> _Work task_: Each entry is to be retyped exactly as it appears, and each image is to be dropped.

Start of Dataset extract

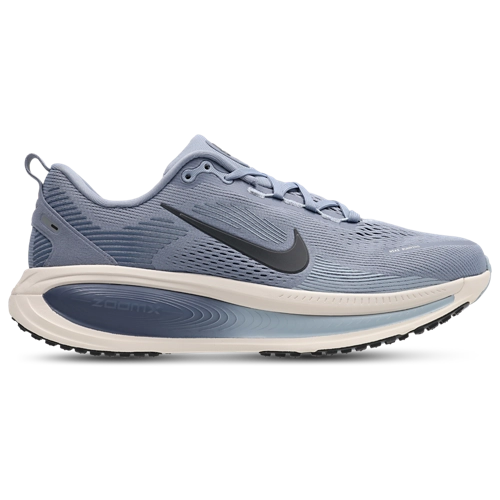 Nike Zoom Vomero 18 Męskie Antracytowe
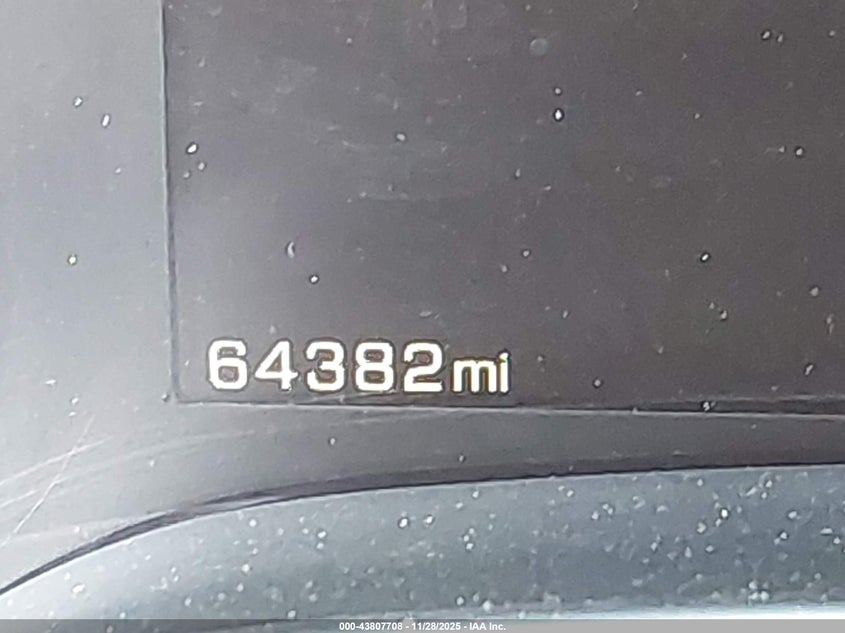 2015 Cadillac Srx Luxury Collection VIN: 3GYFNBE3XFS569251 Lot: 43807708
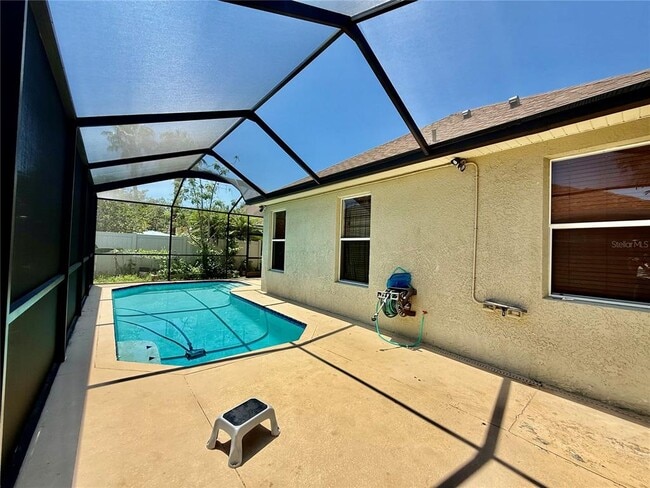 Building Photo - 11242 Blacksmith Dr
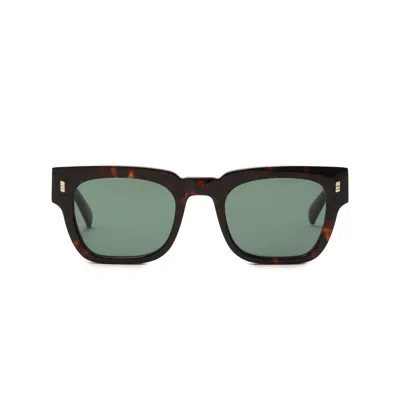 Gast Jan In Green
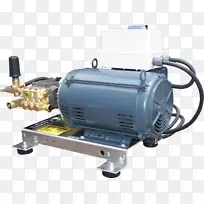 机械DIY商店电视节目行业压力清洗-空若网 机械DIY商店电视节目行业压力清洗-空若网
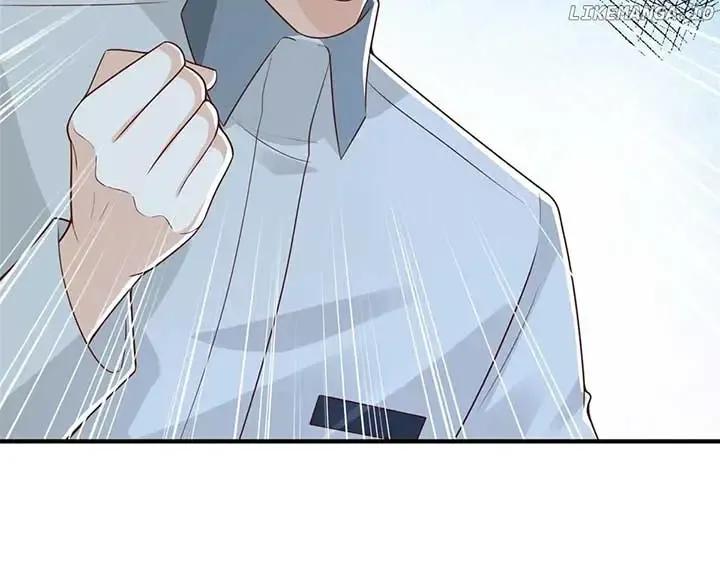 I randomly have a new career every week Zinmanga X Chapter 756 Page 82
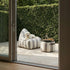 sackit Pouf Outdoor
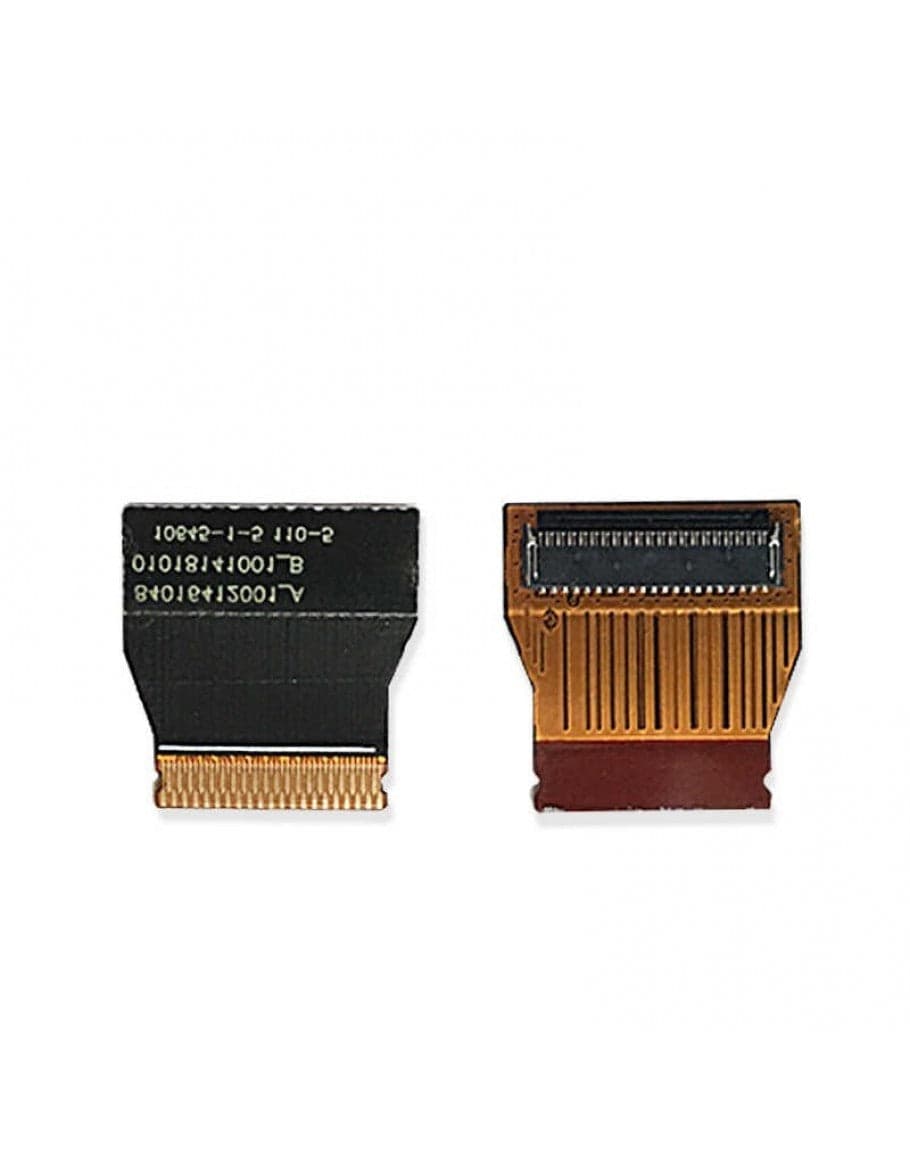 Lcd Flex Cable for Motorola Moto G3 (3rd Gen)
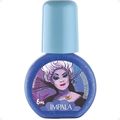 Esmalte Infantil Impala Disney O Oceano Será Meu 6ml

End of Dataset extract

> _Expected answer_:
 Nike Zoom Vomero 18 Męskie Antracytowe
 2015 Cadillac Srx Luxury Collection VIN: 3GYFNBE3XFS569251 Lot: 43807708
 Building Photo - 11242 Blacksmith Dr
 Gast Jan In Green
 机械DIY商店电视节目行业压力清洗-空若网 机械DIY商店电视节目行业压力清洗-空若网
 I randomly have a new career every week Zinmanga X Chapter 756 Page 82
 sackit Pouf Outdoor
 Lcd Flex Cable for Motorola Moto G3 (3rd Gen)
 Esmalte Infantil Impala Disney O Oceano Será Meu 6ml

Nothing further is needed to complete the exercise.